Still, when Greenlaw’s poetics really shine through, they shine bright. She does best with economy – some of the book’s chapters are a slim few pages, and it’s these that ring truest. It’s no coincidence that much of these passages occur later in Greenlaw’s recollections; as she slides into her teen years (which matches up with disco, punk and heavy metal’s rise) her self-perception gets more sharp and less sentimental, and the language does too: “Led Zeppelin, Deep Purple, Black Sabbath – all juggernaut bass lines and skidding lead-guitar breaks, the volume turned up so high that a song would lose shape and I would feel rather than hear it.” When she’s like this, her best passages are themselves like great songs: they elicit a feeling of collusion and understanding: a big “Yes!”
Hopper’s not so subtle in the title department. The Girl’s Guide to Rocking (Workman Publishing, August 2009, pb, 229 pps.) is what it sounds like: a guidebook for girls on foraying your love of music into real action – forming bands, making music and generally taking charge, on a rock ‘n’ roll front. By its cover and language, I’m assuming the book is not intended for an audience over 16 (although, the opening page quote is from Patti Smith… so?). It’s full of detail, encouraging language and helpful tips to make girls feel, first, okay about being into rock music, and second, confident enough to bridge the gap between them and their male counterparts in making their music dreams come true.
Hopper herself is, aside from a music writer, a musician who, in her introduction, recalls being in high school and depending on a male friend for all her music info, and for “permission” to like rock ‘n’ roll. She urges girls to go their own way, and not fall into those traps as she did.

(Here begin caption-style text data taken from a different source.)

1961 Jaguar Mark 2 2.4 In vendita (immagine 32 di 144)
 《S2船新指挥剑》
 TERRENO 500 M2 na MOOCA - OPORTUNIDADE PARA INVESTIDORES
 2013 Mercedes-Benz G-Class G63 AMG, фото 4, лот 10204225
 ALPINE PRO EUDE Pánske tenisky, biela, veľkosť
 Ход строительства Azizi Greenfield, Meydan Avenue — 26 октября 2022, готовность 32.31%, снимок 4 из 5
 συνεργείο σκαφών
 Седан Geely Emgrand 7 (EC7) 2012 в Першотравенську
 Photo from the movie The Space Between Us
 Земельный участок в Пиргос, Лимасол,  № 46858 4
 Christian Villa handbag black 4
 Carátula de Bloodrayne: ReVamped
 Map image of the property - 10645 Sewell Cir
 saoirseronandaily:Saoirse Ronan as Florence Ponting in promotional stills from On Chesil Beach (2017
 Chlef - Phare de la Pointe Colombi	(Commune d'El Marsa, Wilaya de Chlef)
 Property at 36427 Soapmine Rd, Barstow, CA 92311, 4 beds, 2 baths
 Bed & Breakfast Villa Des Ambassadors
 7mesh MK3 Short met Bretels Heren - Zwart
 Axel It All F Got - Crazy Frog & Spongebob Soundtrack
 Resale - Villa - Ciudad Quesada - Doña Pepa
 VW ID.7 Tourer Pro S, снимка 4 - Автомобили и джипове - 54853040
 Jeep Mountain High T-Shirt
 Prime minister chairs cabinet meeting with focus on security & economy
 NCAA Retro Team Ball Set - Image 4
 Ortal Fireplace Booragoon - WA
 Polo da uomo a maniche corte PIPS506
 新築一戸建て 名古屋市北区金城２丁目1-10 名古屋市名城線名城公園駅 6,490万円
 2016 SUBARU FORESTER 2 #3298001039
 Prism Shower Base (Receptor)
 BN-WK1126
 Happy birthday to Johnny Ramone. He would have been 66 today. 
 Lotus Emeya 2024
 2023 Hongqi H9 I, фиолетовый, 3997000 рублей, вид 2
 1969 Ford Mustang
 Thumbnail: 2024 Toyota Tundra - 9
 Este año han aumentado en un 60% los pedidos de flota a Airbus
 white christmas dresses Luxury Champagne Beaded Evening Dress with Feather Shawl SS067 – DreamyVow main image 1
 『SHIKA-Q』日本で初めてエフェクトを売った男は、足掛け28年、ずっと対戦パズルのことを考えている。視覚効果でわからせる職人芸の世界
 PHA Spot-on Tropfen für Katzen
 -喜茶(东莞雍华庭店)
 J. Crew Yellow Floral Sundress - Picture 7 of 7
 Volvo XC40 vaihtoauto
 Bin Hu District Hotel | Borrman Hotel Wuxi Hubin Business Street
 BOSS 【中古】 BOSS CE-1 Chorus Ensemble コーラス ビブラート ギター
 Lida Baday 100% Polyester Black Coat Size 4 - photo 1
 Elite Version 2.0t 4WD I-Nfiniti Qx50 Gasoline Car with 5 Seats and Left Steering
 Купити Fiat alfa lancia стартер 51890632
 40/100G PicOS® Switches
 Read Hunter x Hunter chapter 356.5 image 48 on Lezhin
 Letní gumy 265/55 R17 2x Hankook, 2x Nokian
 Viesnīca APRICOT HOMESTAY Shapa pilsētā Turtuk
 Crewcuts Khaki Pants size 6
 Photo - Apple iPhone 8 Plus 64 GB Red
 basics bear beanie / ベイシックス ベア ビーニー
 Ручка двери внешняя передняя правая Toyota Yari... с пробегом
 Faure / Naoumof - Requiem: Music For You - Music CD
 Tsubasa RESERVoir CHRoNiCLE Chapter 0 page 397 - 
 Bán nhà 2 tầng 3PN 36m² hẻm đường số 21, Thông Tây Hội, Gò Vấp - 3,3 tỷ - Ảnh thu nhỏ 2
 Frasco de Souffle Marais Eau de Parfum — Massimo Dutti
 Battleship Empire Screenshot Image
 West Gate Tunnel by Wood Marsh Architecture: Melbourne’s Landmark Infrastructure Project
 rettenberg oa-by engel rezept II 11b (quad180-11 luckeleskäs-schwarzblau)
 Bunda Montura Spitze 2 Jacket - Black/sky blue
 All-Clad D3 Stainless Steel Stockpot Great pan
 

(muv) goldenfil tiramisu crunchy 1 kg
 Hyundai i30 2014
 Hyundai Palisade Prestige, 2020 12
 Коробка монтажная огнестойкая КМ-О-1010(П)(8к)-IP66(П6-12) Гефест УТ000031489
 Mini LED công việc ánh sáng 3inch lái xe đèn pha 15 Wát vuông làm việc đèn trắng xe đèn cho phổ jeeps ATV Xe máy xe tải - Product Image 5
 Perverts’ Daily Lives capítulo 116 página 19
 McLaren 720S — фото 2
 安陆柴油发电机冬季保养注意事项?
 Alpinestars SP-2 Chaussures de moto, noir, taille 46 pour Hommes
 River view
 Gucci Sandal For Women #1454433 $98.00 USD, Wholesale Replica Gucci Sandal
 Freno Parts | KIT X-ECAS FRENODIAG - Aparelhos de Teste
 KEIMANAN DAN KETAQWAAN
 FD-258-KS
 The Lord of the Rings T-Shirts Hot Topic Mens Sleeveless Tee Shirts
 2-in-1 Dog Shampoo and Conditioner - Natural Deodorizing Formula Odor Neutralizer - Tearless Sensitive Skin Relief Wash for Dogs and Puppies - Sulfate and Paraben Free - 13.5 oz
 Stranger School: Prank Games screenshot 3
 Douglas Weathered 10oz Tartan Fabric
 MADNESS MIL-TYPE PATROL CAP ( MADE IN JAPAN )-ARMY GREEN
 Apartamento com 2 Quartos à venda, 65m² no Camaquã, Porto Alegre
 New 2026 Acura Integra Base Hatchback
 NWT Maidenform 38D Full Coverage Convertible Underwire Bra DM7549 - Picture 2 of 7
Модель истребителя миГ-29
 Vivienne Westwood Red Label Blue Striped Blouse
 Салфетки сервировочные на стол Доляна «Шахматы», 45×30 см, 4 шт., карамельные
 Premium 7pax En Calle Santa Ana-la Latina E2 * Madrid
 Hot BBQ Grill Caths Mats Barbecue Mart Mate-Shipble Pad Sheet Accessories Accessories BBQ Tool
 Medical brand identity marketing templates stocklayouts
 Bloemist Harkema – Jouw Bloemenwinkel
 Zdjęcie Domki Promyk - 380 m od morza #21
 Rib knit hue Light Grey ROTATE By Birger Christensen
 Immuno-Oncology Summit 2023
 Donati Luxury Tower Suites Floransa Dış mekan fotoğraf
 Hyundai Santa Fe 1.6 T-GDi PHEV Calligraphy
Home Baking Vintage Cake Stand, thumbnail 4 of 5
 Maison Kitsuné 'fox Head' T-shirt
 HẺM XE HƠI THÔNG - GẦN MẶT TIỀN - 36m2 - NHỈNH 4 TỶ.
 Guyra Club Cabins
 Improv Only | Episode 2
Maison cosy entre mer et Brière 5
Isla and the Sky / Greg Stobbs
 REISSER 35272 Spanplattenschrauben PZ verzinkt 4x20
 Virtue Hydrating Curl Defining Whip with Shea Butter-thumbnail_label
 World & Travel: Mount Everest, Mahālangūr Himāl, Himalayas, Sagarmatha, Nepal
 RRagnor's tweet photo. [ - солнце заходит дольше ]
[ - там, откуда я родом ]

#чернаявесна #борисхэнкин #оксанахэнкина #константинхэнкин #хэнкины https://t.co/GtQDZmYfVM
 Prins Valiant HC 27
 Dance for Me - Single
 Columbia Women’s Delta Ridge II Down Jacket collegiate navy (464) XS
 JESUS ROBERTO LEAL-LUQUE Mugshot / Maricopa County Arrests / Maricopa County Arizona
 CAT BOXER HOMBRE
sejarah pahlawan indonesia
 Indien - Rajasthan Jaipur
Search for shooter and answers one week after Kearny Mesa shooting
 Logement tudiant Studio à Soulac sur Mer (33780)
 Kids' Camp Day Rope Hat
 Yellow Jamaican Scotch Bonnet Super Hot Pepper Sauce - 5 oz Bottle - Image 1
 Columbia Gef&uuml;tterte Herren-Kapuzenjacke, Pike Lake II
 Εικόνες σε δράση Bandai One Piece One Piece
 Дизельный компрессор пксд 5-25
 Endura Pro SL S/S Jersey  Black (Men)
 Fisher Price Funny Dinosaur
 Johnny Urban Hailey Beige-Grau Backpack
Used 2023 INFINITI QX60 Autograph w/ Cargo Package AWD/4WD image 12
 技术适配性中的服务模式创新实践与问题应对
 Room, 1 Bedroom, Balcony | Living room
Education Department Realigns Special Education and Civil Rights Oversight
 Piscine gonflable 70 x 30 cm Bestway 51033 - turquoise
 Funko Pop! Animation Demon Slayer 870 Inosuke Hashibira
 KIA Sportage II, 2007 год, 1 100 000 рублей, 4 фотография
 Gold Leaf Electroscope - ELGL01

Now, I know that women are still treated unfairly in rock music – I just read a recent quote from one of the only girls in a band at Warped Tour saying she constantly gets mistaken for a groupie. But am I wrong in thinking that Hopper’s raison d’etre seems a bit outdated on the feminism front (especially for someone who waxed eloquently on the Riot Grrrl movement as a teen)? She’s my age-ish, and grew up in the ’90s. That means she was watching bands and people like L7, Sleater-Kinney, Courtney Love (however dubious her role-model status, she rocked), Gwen Stefani and the whole Lilith Fair… thing. Why was she listening to this dude? Why didn’t she feel she had a place in rock music? I did. I remember it being a time of awakening.
At any rate, the Girl’s Guide is fun, and does have some useful stuff if you’re actually considering making music something you do. But I must admit I tire of the Girl Power shit pretty quickly. As ’twas the Spice Girls, now it feels very Miley Cyrus, and there’s an air of false pretense there – of slickness and sales. Just as Greenlaw’s book is really about the importance of music to her (not girls) the Girl’s Guide could remove the girl power messaging and be called “The Guide to…” and be aimed at young kids in general. But then it wouldn’t be targeting that emerging, money-spending market (51 per cent of the population and growing; it’s estimated that current birthrates could swing that to as high as 58 per cent in future generations).
But let’s set aside from the earning potential of young girls, who become young women (another fast-rising consumer group, which stays single for longer and now buys more personal items), who usually eventually marry and then become the primary purchasers for our households. This is (clearly) a much bigger topic.
Instead let’s ask what it is about us females that makes us want to get rid of boys and circle around each other like this – I myself am in an all-female sketch group, and an all-female improv group. Hopper’s book is a pretty straightforward play at the fairer sex, but so does Greenlaw’s title lure females in. Her pieces are also, however subtly, scratching away at her own questions about girls and how we survive ourselves to become the surprisingly well-adjusted adults we suddenly realize we are. Do we surround ourselves with girls and ideas of girl-dom because we are trying to find some universal truth of femininity? Is the next feminist wave an existential one? Why don’t men do this? Or do they?
These are massive questions, and I don’t have answers. I know that I see a little of myself in Greenlaw’s introspective self-examination, but I also see a sliver of me in Hopper’s head-up determination and brash desire to step around and claw over the boys in search of (rock) domination. Maybe that’s it – we keep looking at other girls and mentally removing the boys to get a better look at ourselves as individuals, without all that boy stuff in the way.
Huh. Each of these books on their own wouldn’t make me think about these things. But together they do. Go figure.